Conforme se iba acercando, unos monjes que se afanaban en ayudar a descargar unas cántaras de aceite que un comerciante había subido en dos borricos por la ladera sur de la sierra acudieron a su encuentro.

El que los encabezaba portaba una cruz de plata y los que lo seguían comenzaron a cantar un himno de David. Jaime de Castelnou, un tanto perplejo, se detuvo y aguardó en pie hasta que la comitiva de monjes llegó ante él y se detuvo a unos pocos pasos.

—Tú eres el caballero del Templo. Sé bienvenido, hace tiempo que te esperábamos. ¿Traes contigo el Sagrado Cáliz?

Castelnou, sin mediar palabra, sacó de la bolsa el cáliz, lo extrajo de su paño y lo mostró. Los monjes cayeron de rodillas y se persignaron repetidas veces proclamando loas de alabanza a Dios, a su hijo Jesucristo, a la virgen María y a una larga retahíla de santos entre los que estaban algunos de los más venerados por los templarios.

—Aquí está y aquí debe quedarse.

—Has recorrido un largo camino, acompáñanos.

Un monje se hizo cargo del caballo y los demás entraron en el monasterio. De inmediato, a través de unas salas abovedadas, una de cuyas paredes era la propia roca de la cueva, llegaron hasta la iglesia, cuya triple cabecera estaba excavada en la piedra.

—En cuanto supimos que habíais llegado a Santa Cruz comprendimos que erais el enviado, y preparamos todo para vuestra presencia, aunque en realidad hace años que aguardábamos este momento, desde que dos de vuestros hermanos llegaron hasta aquí y comprobaron que éste era el sagrado lugar para custodiar el Sagrado Cáliz.

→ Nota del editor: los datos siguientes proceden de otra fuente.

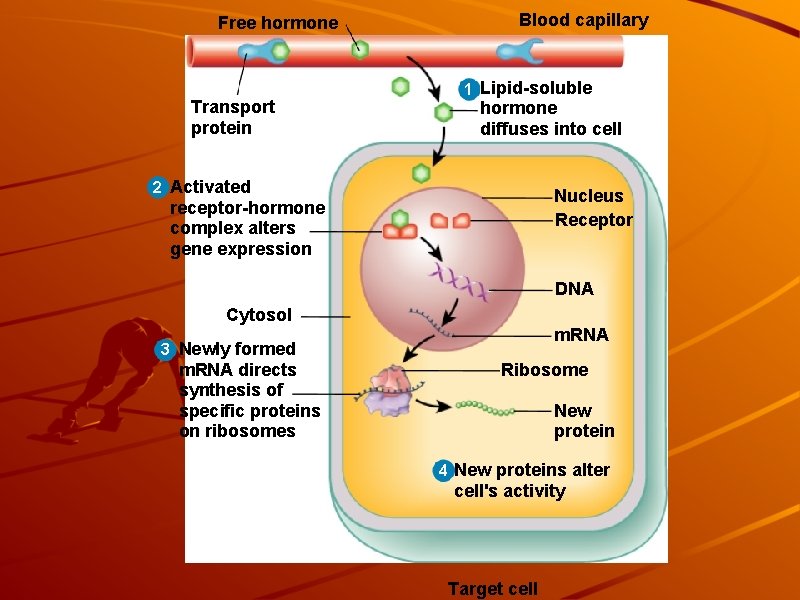 Free hormone Transport protein Blood capillary 1 Lipid-soluble hormone diffuses into cell 2 Activated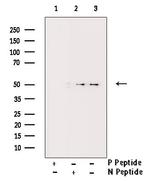 Phospho-PDCD4 (Ser457) Antibody in Western Blot (WB)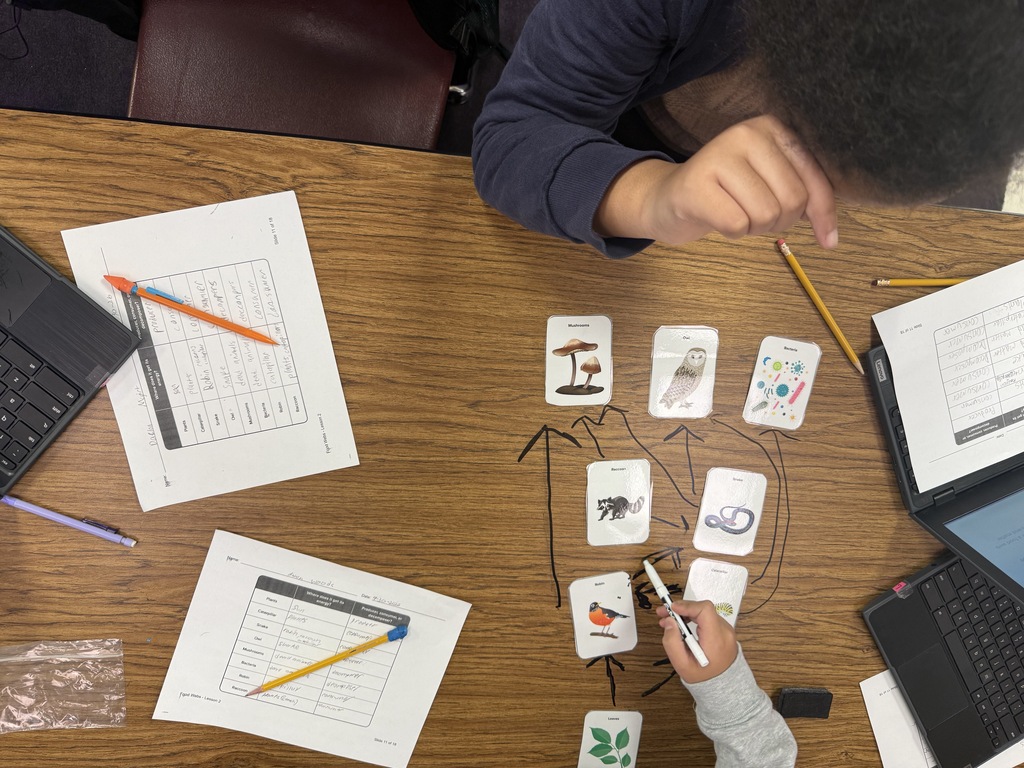 Here’s an alt text that can work for the entire group of photos: **Alt text:** Fifth grade students work collaboratively in small groups to create food webs during a hands-on science activity. Students arrange picture cards of plants, animals, fungi, and bacteria on their tables and draw arrows to show feeding relationships and the flow of energy through an ecosystem. Students also complete worksheets identifying producers, consumers, and decomposers.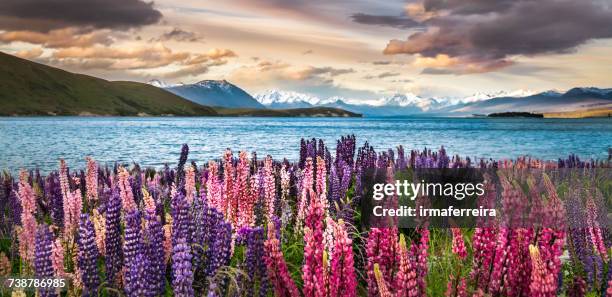 flowering lupins on the shore of lake tekapo, canterbury, south island, new zealand - tékapo fotografías e imágenes de stock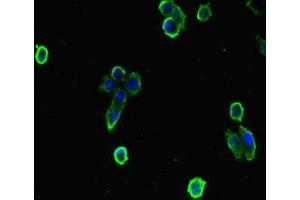 Immunofluorescent analysis of HepG2 cells using ABIN7151414 at dilution of 1:100 and Alexa Fluor 488-congugated AffiniPure Goat Anti-Rabbit IgG(H+L) (EFCAB7 Antikörper  (AA 1-158))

«Ahora celebremos la eucaristía en acción de gracias a Nuestro Salvador por haber permitido que esté entre nosotros el vaso en el que su hijo Jesús redimió al mundo de sus pecados y nos procuró la vida eterna con su sangre.

Todos los monjes de la comunidad asistieron a la ceremonia, que acabó con la adoración del Grial colocado sobre la mesa del altar.

Acabada la misa, el monje que había portado la cruz se dirigió al templario.

—Nuestro señor el abad don Pedro no se encuentra aquí, pero le comunicaremos de inmediato que lo que esperábamos ya está entre nosotros. Mientras, os rogamos, caballero, que permanezcáis en este lugar. Se acerca el verano y esta época es la más propicia para vivir aquí. Supongo que estaréis agotado y que merecéis un descanso. Aquí podréis recuperar fuerzas antes de continuar vuestro camino, si es que todavía tenéis que ir a alguna parte, porque si no sabéis adonde ir, esta comunidad os acogerá como un hermano más y os hará partícipe de su mesa. Los tiempos que corren no son los mejores, como os habrán dicho, pero en la mesa del refectorio siempre hay un plato de verduras y un pedazo de carne, y un lecho caliente para que conciliéis el sueño.

—Os lo agradezco…

—Mi nombre es Martín de Cercito; sustituyo al abad en su ausencia.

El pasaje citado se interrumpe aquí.